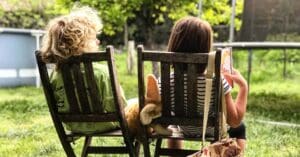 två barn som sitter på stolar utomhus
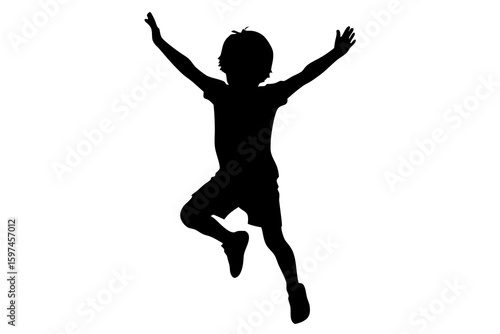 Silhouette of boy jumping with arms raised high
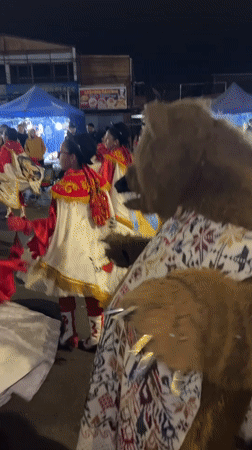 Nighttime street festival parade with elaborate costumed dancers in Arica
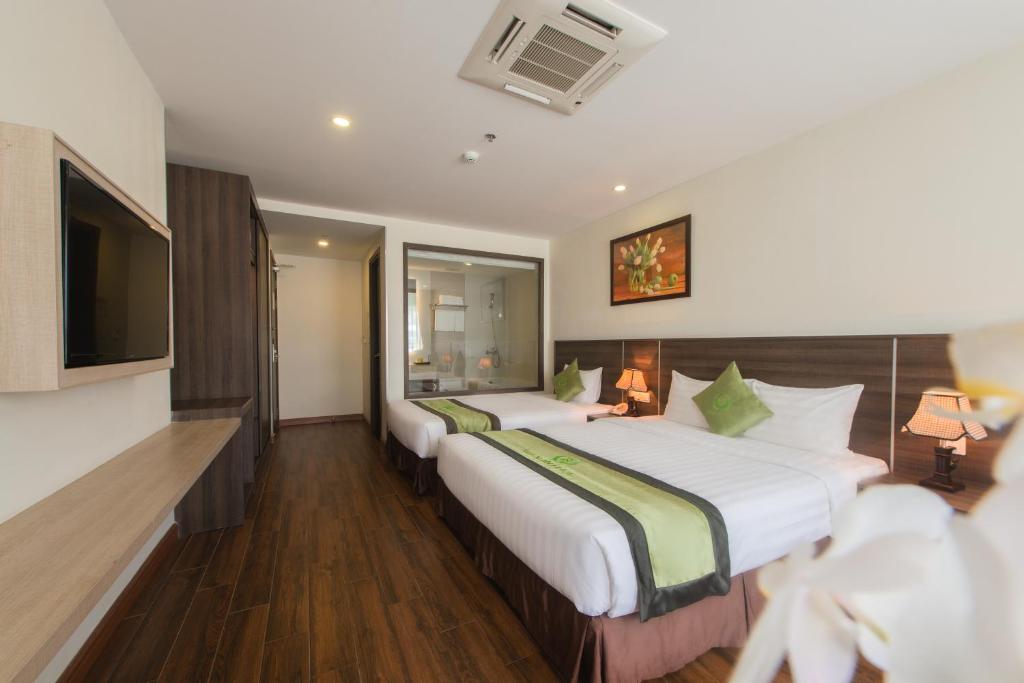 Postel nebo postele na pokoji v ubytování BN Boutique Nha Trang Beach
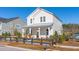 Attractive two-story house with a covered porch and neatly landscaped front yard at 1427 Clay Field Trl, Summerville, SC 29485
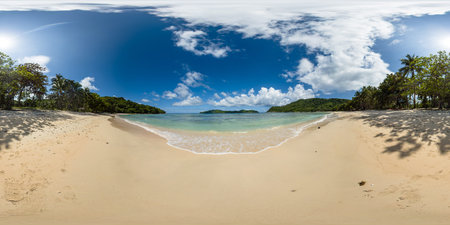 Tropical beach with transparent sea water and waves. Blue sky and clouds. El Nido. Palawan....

* * *

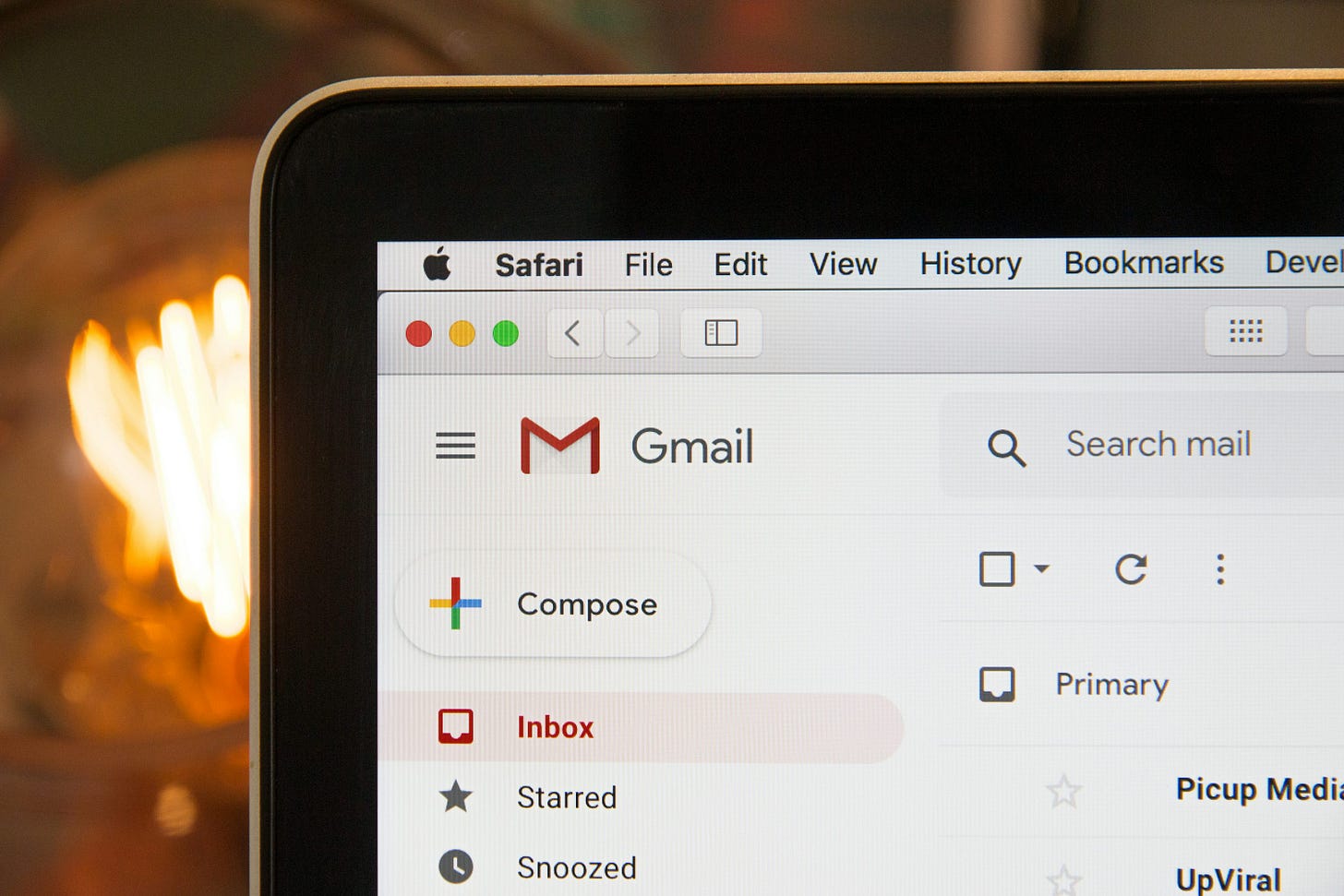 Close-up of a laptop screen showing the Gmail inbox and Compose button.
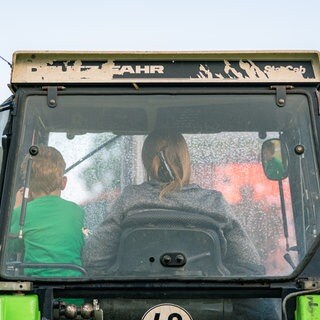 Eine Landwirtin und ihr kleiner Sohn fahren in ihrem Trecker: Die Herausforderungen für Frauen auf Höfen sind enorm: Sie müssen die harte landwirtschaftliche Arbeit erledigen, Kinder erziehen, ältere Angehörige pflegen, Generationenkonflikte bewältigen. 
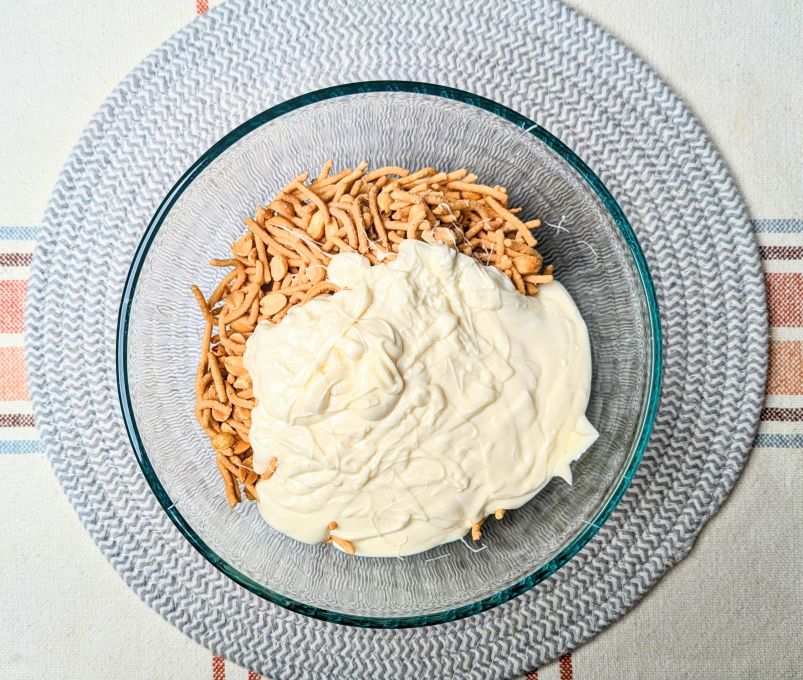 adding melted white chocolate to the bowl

---

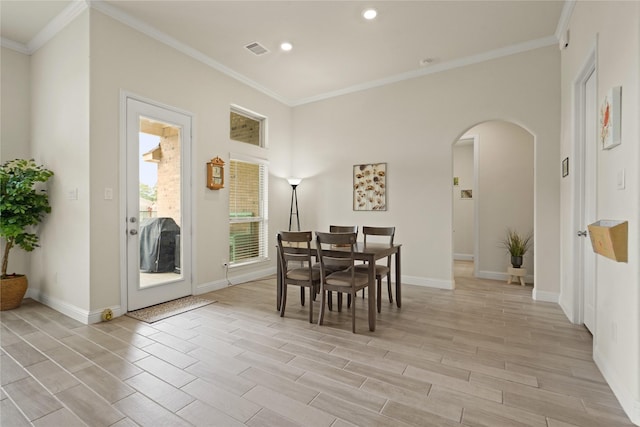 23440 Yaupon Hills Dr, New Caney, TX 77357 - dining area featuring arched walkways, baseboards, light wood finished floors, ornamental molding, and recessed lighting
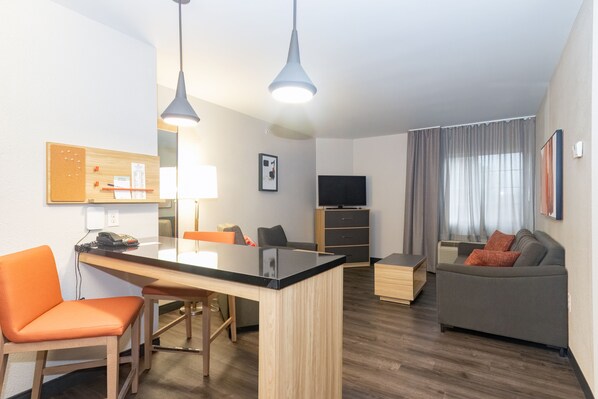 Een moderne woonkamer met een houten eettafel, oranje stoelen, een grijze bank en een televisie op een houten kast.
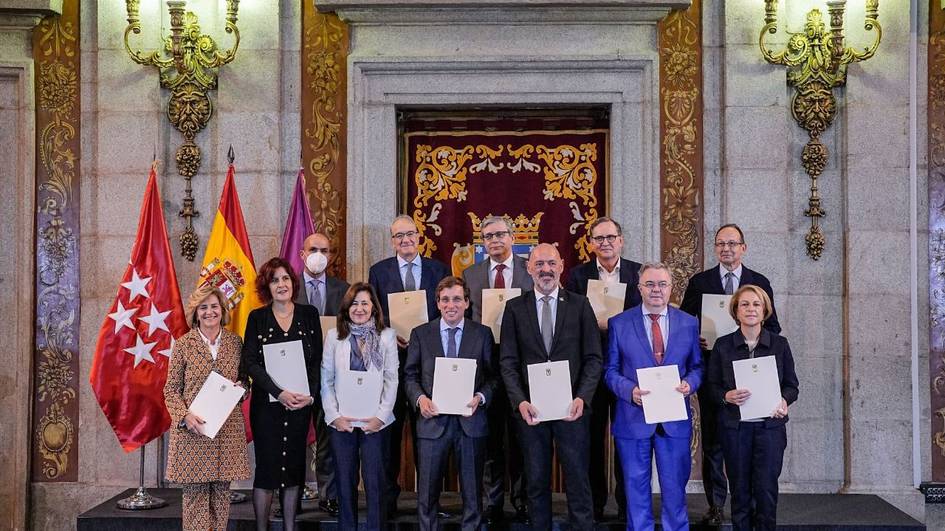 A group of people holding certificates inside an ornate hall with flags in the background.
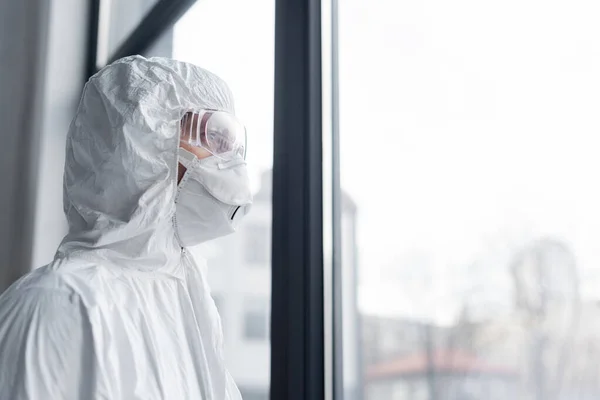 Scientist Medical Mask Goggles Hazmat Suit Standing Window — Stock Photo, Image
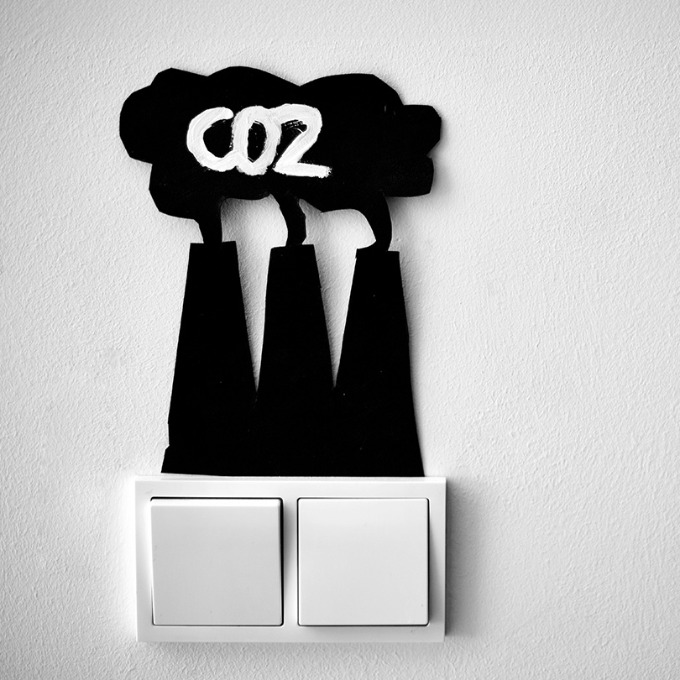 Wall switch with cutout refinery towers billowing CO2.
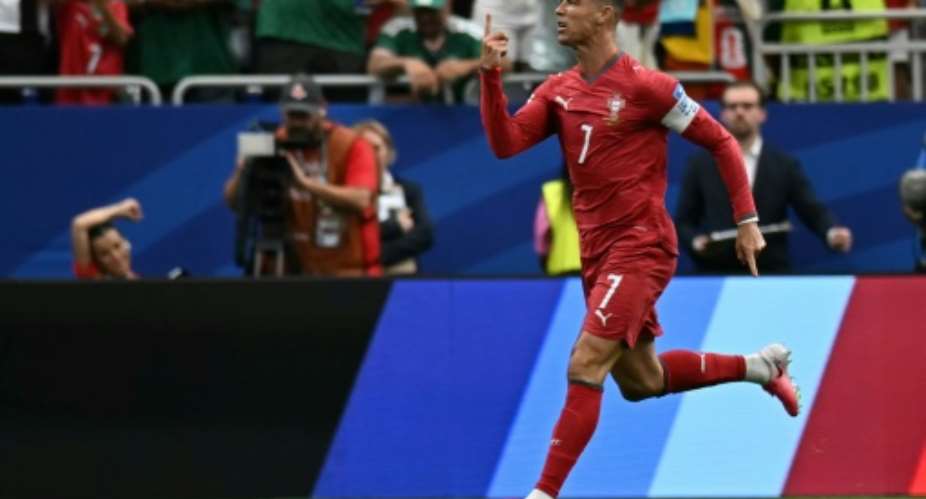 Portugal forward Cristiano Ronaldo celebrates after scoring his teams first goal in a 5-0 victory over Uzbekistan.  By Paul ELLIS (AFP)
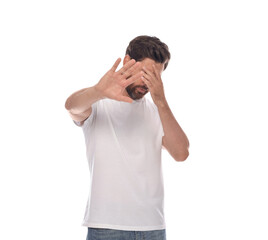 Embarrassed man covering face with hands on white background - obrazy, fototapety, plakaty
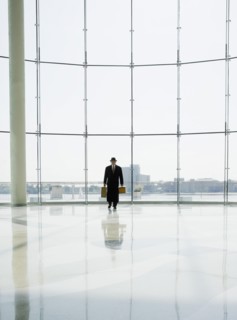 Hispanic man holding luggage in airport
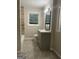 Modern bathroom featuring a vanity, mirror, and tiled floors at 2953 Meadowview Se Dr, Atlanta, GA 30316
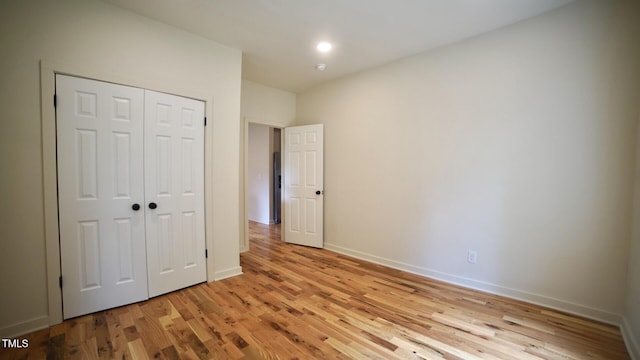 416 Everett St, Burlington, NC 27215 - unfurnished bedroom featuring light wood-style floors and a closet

**GOAL OF THE EXERCISE:** Skipping every picture, transcribe exactly the lines above from the one containing "Modern bathroom featuring" through the one containing "416 Everett St, Burlington, NC", both included.

**RESPONSE FOR THIS EXERCISE:**
 Modern bathroom featuring a vanity, mirror, and tiled floors at 2953 Meadowview Se Dr, Atlanta, GA 30316
 416 Everett St, Burlington, NC 27215 - unfurnished bedroom featuring light wood-style floors and a closet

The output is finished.